** Information shown **
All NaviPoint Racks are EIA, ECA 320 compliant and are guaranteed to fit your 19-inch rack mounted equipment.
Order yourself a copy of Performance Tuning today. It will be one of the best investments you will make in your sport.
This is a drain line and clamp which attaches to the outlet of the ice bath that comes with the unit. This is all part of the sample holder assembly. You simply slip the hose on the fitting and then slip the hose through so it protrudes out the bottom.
* * *
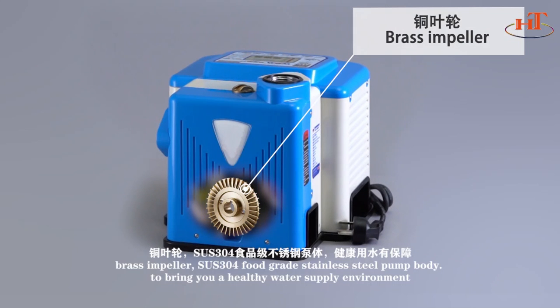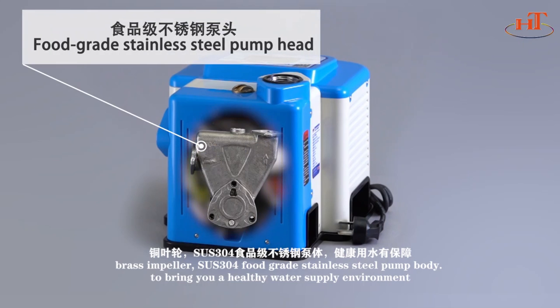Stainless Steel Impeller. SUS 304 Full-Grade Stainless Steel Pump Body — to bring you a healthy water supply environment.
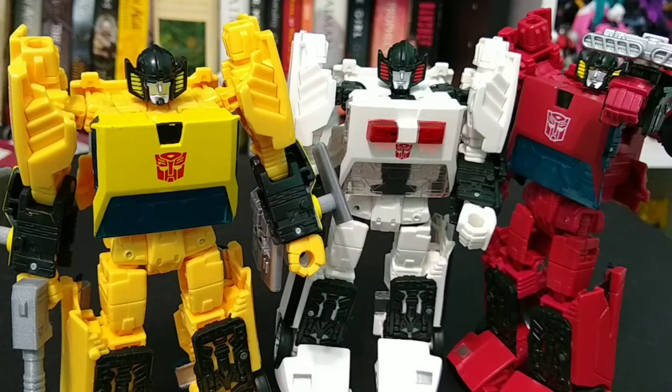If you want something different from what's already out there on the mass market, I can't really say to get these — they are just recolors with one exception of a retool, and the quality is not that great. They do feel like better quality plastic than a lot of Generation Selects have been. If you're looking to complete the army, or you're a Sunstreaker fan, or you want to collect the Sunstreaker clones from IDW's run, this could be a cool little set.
...
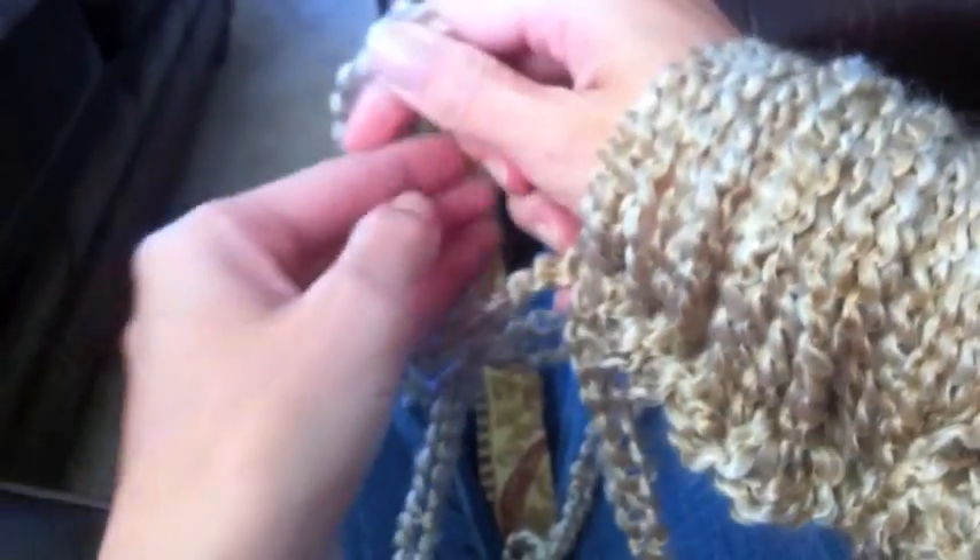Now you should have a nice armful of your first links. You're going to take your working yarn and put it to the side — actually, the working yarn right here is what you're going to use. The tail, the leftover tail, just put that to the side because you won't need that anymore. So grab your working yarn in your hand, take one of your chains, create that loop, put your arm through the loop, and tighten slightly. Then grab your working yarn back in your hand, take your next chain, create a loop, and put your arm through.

** Aim of the task **
Since only part of the listing is wanted, copy exactly the lines from the one holding "All NaviPoint Racks" to the one holding "This is a drain", both included.

** Response area **
All NaviPoint Racks are EIA, ECA 320 compliant and are guaranteed to fit your 19-inch rack mounted equipment.
Order yourself a copy of Performance Tuning today. It will be one of the best investments you will make in your sport.
This is a drain line and clamp which attaches to the outlet of the ice bath that comes with the unit. This is all part of the sample holder assembly. You simply slip the hose on the fitting and then slip the hose through so it protrudes out the bottom.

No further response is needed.